**TASK REQUIREMENTS:** Below are records with pictures. Reproduce exactly the lines from the line with "5 Tips for a Pet-Friendly Bathroom" to the line with "Marilyn Baumeister's album, Timeline Photos", inclusive, and leave each picture out.

**PROVIDED DATA:**
■ ■ ■

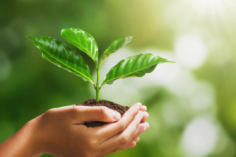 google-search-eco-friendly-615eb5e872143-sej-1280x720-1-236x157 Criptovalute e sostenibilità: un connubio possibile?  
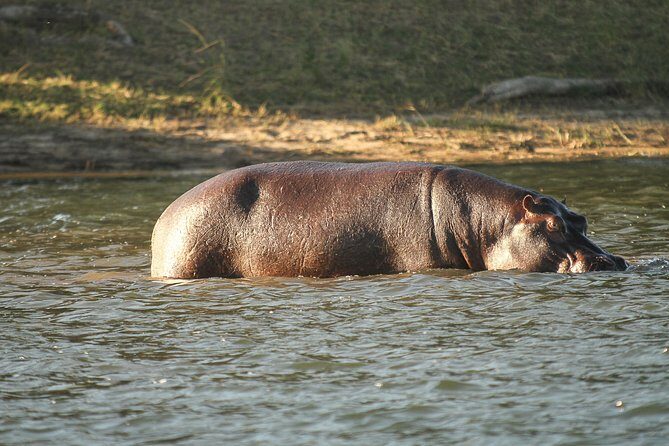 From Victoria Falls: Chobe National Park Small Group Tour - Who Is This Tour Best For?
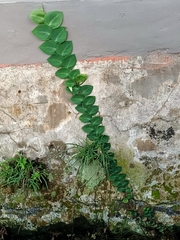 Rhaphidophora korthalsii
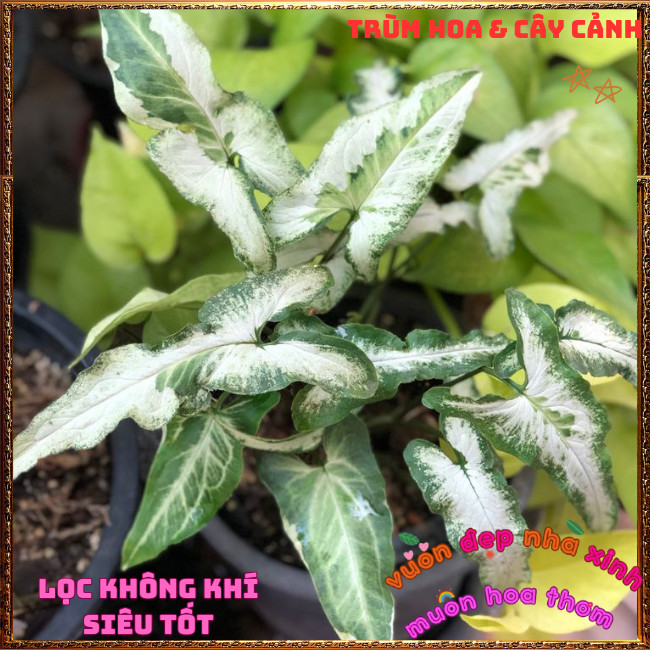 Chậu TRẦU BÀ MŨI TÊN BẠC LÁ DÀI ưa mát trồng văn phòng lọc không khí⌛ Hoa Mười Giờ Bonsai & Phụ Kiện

■ ■ ■

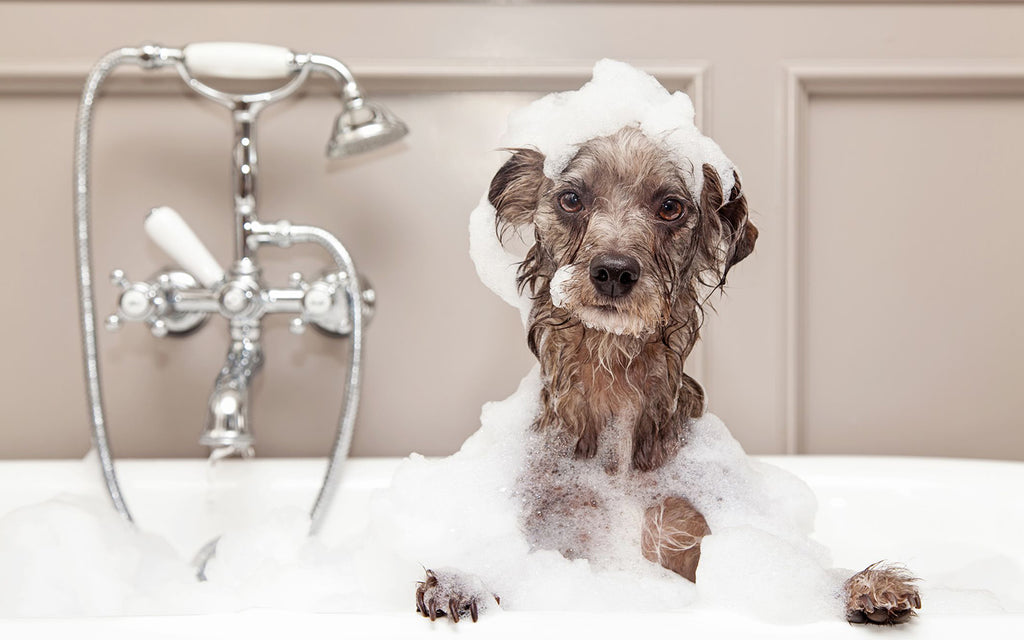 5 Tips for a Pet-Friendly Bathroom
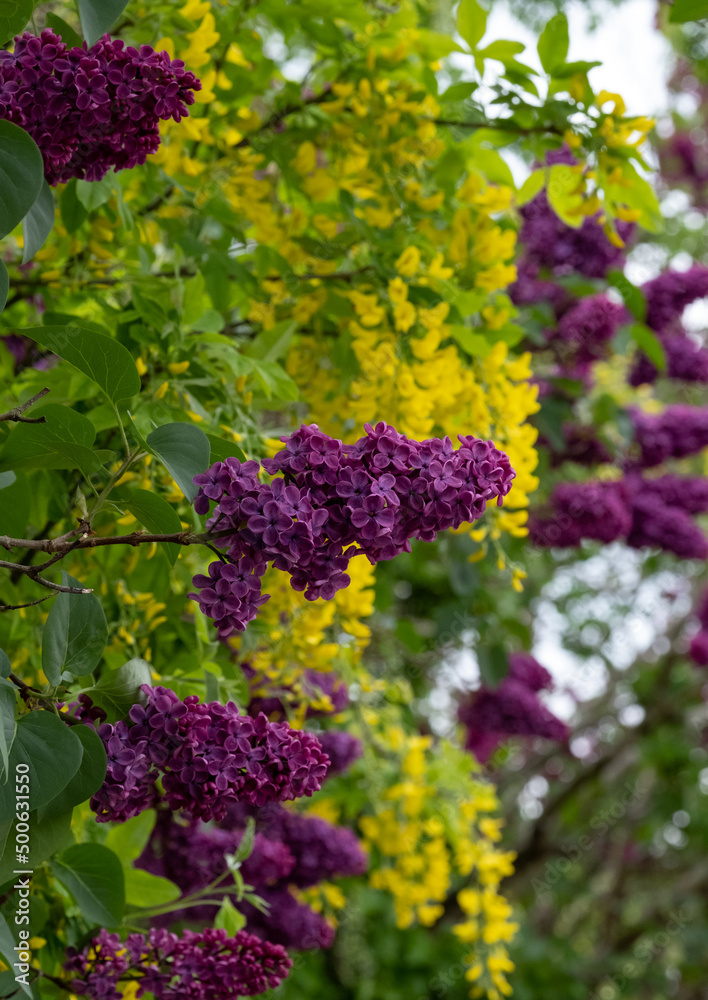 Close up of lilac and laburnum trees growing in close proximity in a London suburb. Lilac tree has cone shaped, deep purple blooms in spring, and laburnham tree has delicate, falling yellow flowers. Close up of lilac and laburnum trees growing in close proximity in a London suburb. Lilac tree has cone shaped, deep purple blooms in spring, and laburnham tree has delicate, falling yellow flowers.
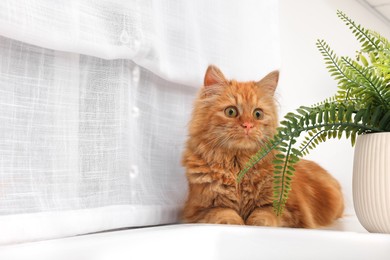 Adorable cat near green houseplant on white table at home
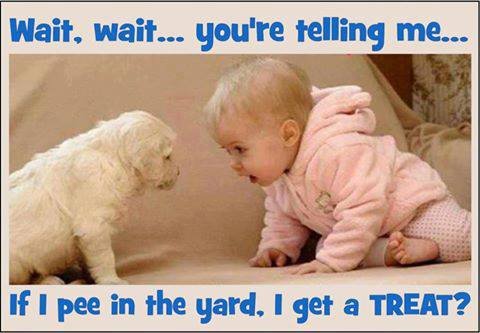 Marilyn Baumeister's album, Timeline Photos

■ ■ ■

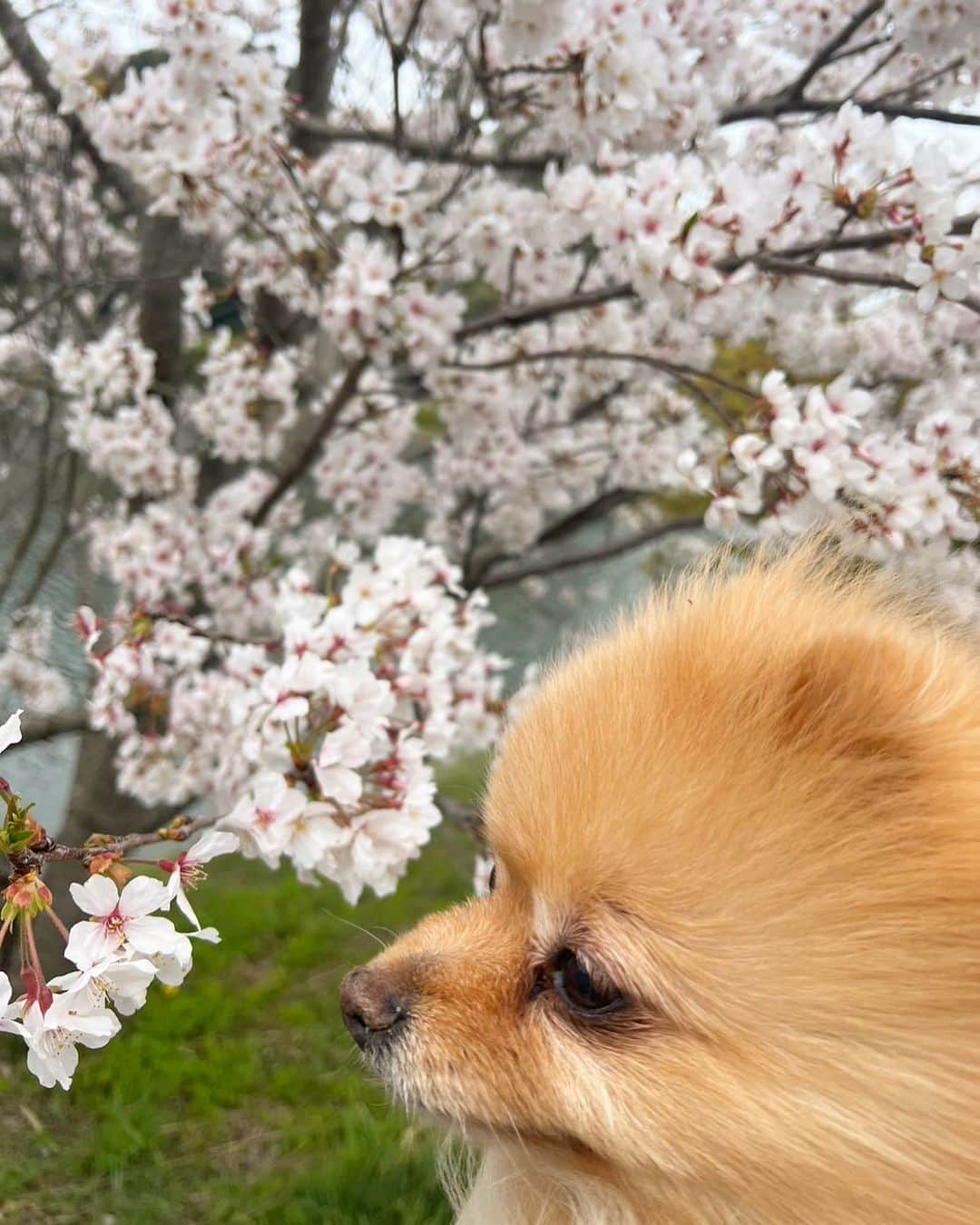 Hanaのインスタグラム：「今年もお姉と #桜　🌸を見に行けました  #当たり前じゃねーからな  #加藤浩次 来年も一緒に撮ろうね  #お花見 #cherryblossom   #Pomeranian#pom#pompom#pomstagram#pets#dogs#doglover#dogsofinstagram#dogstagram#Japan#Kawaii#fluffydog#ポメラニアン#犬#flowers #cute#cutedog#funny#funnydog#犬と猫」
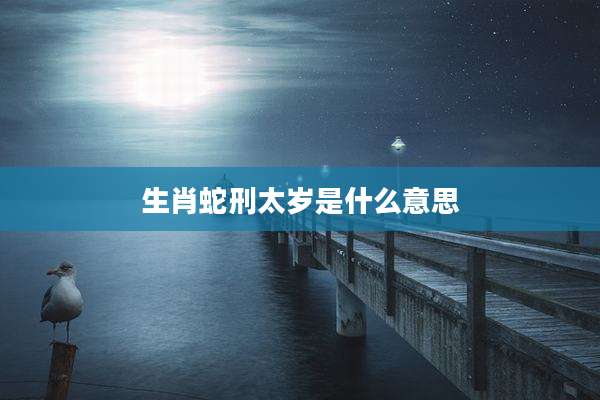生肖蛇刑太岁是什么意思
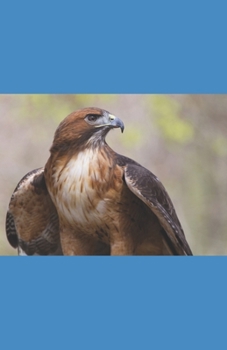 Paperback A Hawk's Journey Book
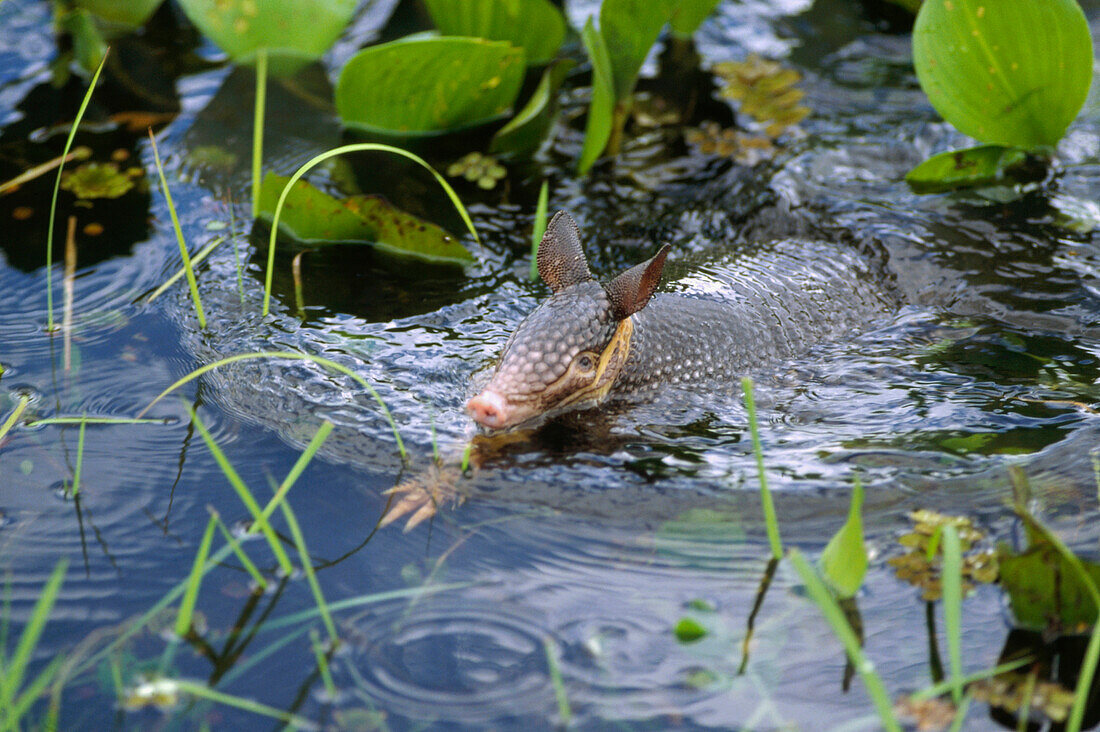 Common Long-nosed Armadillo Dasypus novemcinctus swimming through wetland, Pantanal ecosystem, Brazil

■ ■ ■

**SOLUTION TO THIS TASK:**
 5 Tips for a Pet-Friendly Bathroom
 Close up of lilac and laburnum trees growing in close proximity in a London suburb. Lilac tree has cone shaped, deep purple blooms in spring, and laburnham tree has delicate, falling yellow flowers. Close up of lilac and laburnum trees growing in close proximity in a London suburb. Lilac tree has cone shaped, deep purple blooms in spring, and laburnham tree has delicate, falling yellow flowers.
 Adorable cat near green houseplant on white table at home
 Marilyn Baumeister's album, Timeline Photos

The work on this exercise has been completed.